Social constructivists often make provocative pronouncements about science, but Dupré said that on the whole they are not much concerned with the truth or falsity of science per se. If a historian of science chronicles the human motives and human errors on the way to a scientific discovery, he said, scientists' best defense is to decide if the discovery itself is valid and worth defending.

"However, far from there being a problematic explosion of attacks on science, there is a serious dearth of science criticism," Dupré said. Scientific claims have so much power and influence in modern society that they should be carefully scrutinized, and scientists themselves are not well equipped to do the job, he said. "It is a rare mind that can internalize the grounding assumptions of a scientific discipline to the extent required for advancing the agenda of the discipline, and yet still be able to hold up those assumptions to deeply critical scrutiny."
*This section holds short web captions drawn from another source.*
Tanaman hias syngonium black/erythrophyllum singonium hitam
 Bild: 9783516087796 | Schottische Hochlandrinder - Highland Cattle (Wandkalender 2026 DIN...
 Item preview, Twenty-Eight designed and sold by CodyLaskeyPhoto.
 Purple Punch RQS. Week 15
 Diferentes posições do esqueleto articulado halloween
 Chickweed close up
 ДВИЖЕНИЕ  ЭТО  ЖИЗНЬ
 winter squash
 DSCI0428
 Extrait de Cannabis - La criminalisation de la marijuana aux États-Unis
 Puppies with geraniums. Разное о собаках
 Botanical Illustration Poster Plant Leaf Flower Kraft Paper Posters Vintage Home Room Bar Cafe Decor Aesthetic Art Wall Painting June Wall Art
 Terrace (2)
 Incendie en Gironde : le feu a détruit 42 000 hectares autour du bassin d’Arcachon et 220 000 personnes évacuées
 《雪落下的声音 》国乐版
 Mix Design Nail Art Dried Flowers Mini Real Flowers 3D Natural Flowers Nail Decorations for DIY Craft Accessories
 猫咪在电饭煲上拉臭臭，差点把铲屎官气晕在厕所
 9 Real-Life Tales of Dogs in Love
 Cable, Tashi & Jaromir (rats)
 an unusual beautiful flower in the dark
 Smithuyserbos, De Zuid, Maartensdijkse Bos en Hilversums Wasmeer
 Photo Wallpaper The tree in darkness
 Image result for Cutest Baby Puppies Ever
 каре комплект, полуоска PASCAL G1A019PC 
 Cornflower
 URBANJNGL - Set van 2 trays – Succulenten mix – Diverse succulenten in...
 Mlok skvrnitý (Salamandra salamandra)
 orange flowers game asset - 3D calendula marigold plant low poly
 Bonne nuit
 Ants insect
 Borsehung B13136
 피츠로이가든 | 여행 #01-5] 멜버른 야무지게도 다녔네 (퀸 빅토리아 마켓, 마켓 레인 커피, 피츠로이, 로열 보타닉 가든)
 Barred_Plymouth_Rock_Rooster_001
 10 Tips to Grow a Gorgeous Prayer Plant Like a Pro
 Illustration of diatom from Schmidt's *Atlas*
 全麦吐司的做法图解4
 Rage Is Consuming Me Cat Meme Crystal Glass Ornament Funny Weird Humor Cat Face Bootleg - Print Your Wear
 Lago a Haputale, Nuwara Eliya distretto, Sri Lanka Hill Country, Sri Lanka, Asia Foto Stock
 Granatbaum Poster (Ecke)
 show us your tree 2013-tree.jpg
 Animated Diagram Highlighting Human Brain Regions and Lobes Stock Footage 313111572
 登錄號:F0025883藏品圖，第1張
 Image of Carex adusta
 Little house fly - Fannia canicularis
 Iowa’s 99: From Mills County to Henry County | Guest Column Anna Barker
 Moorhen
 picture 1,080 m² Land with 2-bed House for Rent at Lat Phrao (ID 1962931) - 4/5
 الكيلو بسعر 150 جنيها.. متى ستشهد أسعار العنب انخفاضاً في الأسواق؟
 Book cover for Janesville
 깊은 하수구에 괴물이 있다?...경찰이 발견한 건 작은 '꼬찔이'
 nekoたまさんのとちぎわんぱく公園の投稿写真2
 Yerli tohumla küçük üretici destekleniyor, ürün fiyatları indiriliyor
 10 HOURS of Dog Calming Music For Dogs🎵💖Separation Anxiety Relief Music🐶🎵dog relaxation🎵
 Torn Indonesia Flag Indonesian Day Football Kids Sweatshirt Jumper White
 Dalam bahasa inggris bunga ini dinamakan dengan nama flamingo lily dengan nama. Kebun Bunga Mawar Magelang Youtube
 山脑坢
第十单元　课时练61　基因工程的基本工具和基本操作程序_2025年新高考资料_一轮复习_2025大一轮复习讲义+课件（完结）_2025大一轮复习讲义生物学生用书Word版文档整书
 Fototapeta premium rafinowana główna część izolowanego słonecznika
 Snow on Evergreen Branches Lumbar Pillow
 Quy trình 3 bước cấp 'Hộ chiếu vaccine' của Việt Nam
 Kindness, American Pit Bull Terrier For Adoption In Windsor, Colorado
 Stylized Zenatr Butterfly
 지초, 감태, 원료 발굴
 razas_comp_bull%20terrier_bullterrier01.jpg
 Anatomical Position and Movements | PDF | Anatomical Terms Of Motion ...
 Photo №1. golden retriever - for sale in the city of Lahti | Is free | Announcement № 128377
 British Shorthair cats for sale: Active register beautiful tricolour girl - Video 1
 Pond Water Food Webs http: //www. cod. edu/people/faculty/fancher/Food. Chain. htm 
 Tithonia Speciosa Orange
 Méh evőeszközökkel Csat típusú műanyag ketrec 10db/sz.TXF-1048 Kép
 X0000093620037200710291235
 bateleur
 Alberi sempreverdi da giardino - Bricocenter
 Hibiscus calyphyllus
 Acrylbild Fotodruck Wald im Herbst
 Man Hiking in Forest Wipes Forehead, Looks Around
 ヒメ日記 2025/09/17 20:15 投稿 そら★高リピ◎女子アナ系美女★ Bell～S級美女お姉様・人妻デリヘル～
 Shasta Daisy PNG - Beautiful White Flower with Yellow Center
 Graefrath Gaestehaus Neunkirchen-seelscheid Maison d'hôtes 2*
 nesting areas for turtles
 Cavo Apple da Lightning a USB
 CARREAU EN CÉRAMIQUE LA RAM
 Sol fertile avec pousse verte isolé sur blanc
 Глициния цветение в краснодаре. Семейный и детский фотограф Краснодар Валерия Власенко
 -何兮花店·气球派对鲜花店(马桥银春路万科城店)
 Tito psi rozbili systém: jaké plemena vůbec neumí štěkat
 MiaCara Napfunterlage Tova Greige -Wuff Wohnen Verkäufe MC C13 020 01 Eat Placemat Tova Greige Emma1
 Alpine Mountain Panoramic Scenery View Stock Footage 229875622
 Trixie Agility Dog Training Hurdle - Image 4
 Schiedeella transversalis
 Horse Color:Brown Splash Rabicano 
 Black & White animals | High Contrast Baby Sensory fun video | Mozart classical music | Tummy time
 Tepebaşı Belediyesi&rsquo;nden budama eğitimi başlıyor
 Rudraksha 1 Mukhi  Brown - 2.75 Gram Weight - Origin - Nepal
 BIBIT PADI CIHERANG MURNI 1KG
Dupré argued that science should be should be viewed as pluralistic, not a single monolithic entity, capitalized "Science." He used the example of economics to show that within a field of study, phenomena can be viewed in many ways. Economic policies that seek to reduce unemployment, for example, rest on the assumption that employment (service provided for money) is valuable and other kinds of unpaid work (caring for one's own children, volunteering in a homeless shelter) are not valuable. "Any way of defining employment carries with it a host of implicit value judgments," he said.

Scientific disciplines also are conducted from many different points of view - within the biological sciences, for example, ecologists may group organisms by ecological roles while evolutionary biologists group them by common origin. With these assumptions in the background, each discipline will make different decisions about which questions are worth studying and how they should be studied.

The role of the science critic should be "to identify the contingent decisions implicit in the pursuit of particular modes of investigating reality, and to suggest what might be their costs and benefits relative to other alternatives," Dupré said. The process may well lead to strong criticism - for example, that a particular scientific program is reaching beyond its limits, or that there are fundamental flaws in its conception.

"Such investigations no more constitute an attack on science than Kant's critiques constituted an attack on philosophy," Dupré said. "The need for critique, in this constructive sense, is in direct proportion to the power and influence of the ideas being subjected to critique. And no one can seriously doubt the present power and influence of science."